28/11/20

GIORDANO BRUNO (3): "La cena de le Ceneri"

Riproponiamo, suddividendola in alcune puntate, la nostra analisi del pensiero e delle opere di Giordano Bruno, ovvero colui che possiamo considerare il vero iniziatore dell'astrofisica e della cosmologia moderna.

Fu, infatti, questo piccolo monaco (ma solo di statura), quando Galileo ancora era poco più che un bambino, a frantumare le "granitiche" sfere di cristallo aristoteliche con la sola forza del pensiero, riuscendo a volare là dove nessun altro arriverà per oltre tre secoli dopo di lui.

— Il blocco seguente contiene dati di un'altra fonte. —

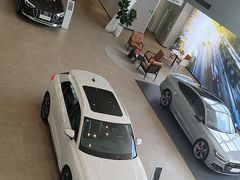 -深圳锦龙奥迪4S店(前海店)
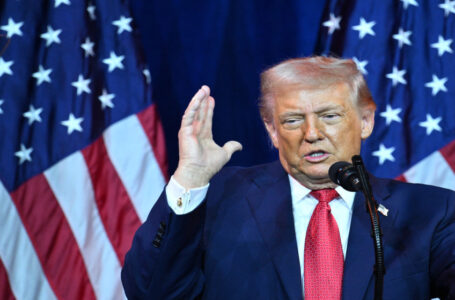 ترامب: لم يقنعني أحد بالتراجع عن ضرب إيران.. ويشكرها على إلغاء الإعدامات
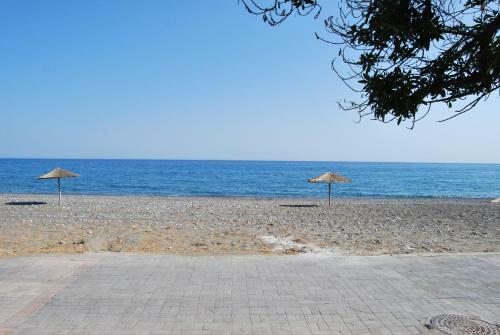 Hatzidakis Beach Retreat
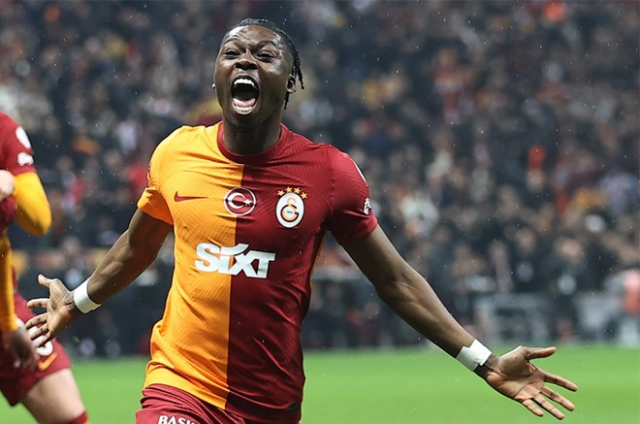 Galatasaray'ı tehdit ettiler: Parayı faiziyle ödemek zorunda kaldı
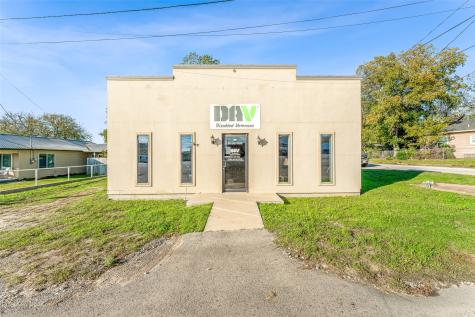 408 East Road Stephenville TX 76401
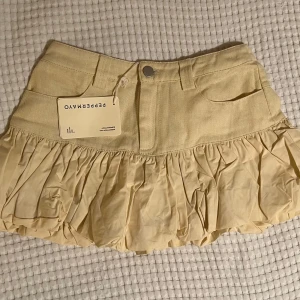 Volangkjol Peppermayo - Så snygg jeanskjol med volang från Peppermayo!💖Den är helt ny och endast testad så i jättebra skick!!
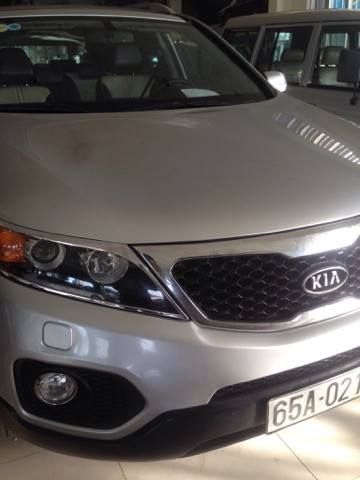 Cần bán Kia Sorento AT đời 2012, 740 triệu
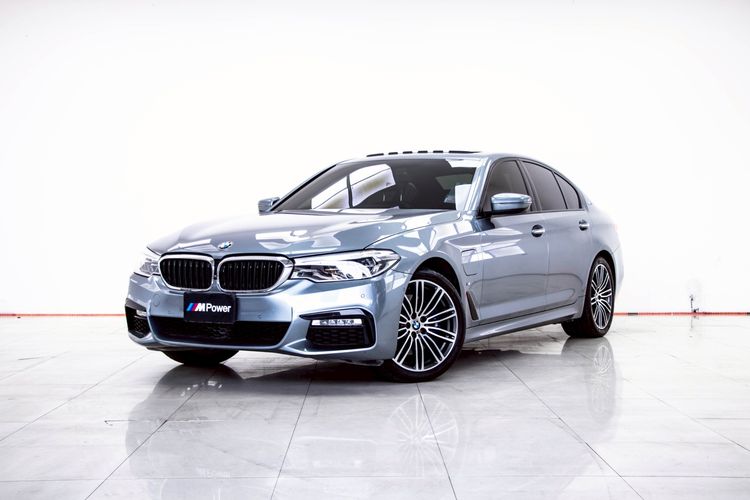 รถ BMW Series 5 530e สี เทา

(QUI l'articolo completo, pubblicato il 23/1/2018)

 

Passiamo ora all'analisi di alcune delle opere più celebri di Giordano Bruno, i tre dialoghi filosofici scritti nel prolifico periodo londinese (1583 - 1585) che racchiudono il cuore pulsante della sua visione cosmologica: iniziamo con "La Cena de le Ceneri"

 

A seconda dei climi storici e delle ideologie da difendere, il pensiero di Giordano Bruno, nel corso dei secoli è stato esaltato o esecrato, quasi mai criticamente analizzato: a volte sinonimo di libertà di pensiero e antidogmatismo, altre simbolo di una visione panteistica con implicazioni deterministiche e negatrici dell’autonomia individuale.

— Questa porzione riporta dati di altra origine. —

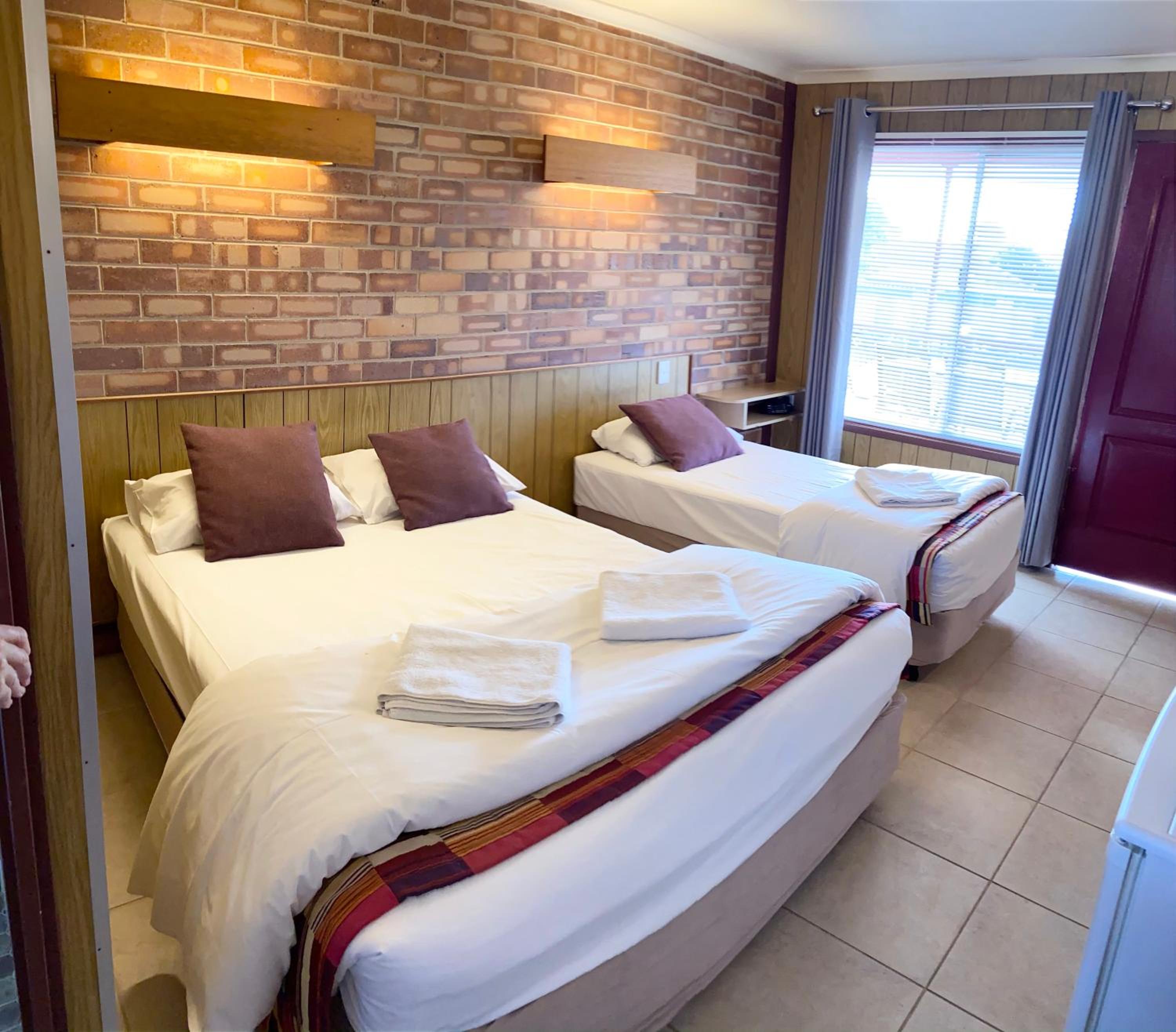 Twin Room - Photo 3
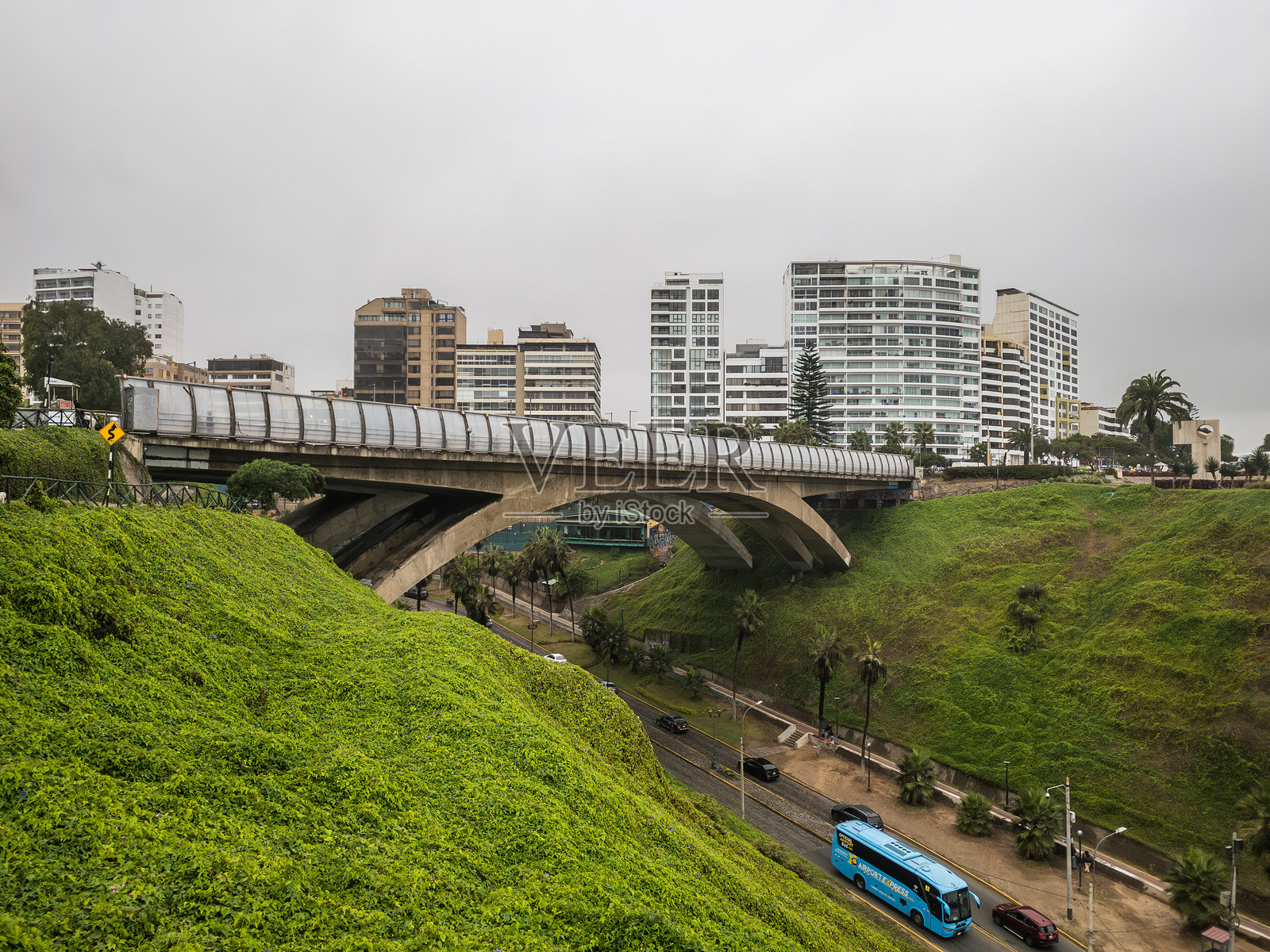 利马米拉弗洛雷斯区的爱德华多·维列纳桥雾霭弥漫的一天照片摄影图片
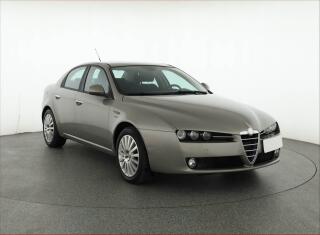 Alfa Romeo 159 2.2 JTS, po STK, rezervace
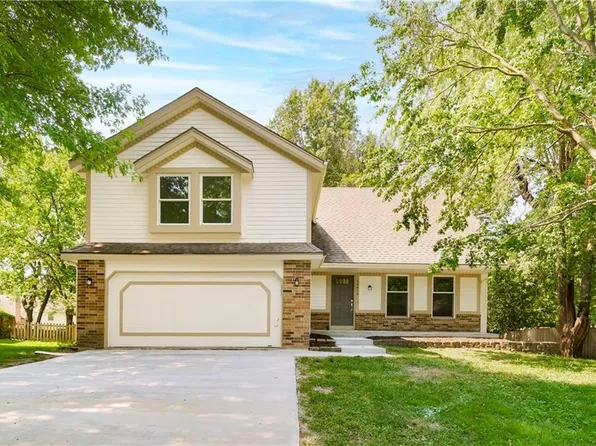 14824 S Summertree Ln, Olathe, KS 66062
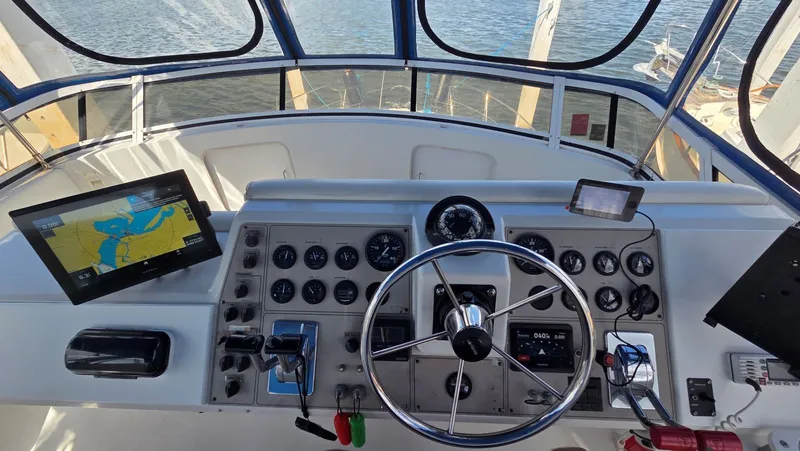 Slide: The Image of Carver Yachts 405 Motor Yacht 1998 - 17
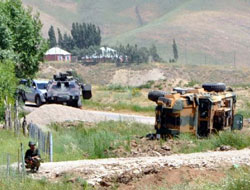 Askeri araçta kaza:8 yaralı!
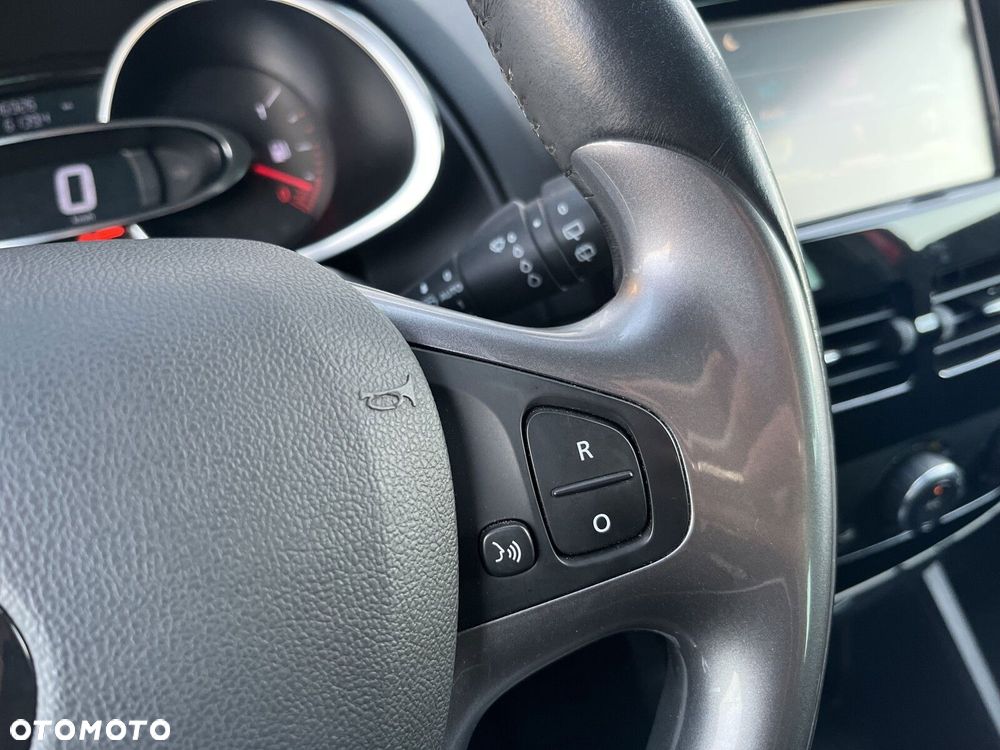 Renault Clio 0.9 Energy TCe Limited EU6 - 20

CopertinaChi è, dunque, Giordano Bruno? Per rendergli giustizia, non c’è altro modo che lasciar perdere le interpretazioni filosofiche e leggere le sue opere. Solo così saremo in grado di farci un’idea della potenza e modernità del suo pensiero, che va ben oltre la teorizzazione di infiniti mondi in infiniti universi, che egli approfondisce nella sua opera più celebre, a cui dedicheremo il prossimo articolo. Oggi commenteremo le parti salienti di un’altra opera molto importante: “La cena de le Ceneri”.

Pubblicata in Inghilterra nel 1584, “La cena delle Ceneri” fa riferimento ad una cena, forse realmente avvenuta la sera delle Ceneri (il primo giorno di Quaresima, al termine del Carnevale) di quello stesso anno, a casa di Fulke Greville, scrittore e uomo politico, che aveva invitato Bruno a esporre la sue considerazioni sull'eliocentrismo.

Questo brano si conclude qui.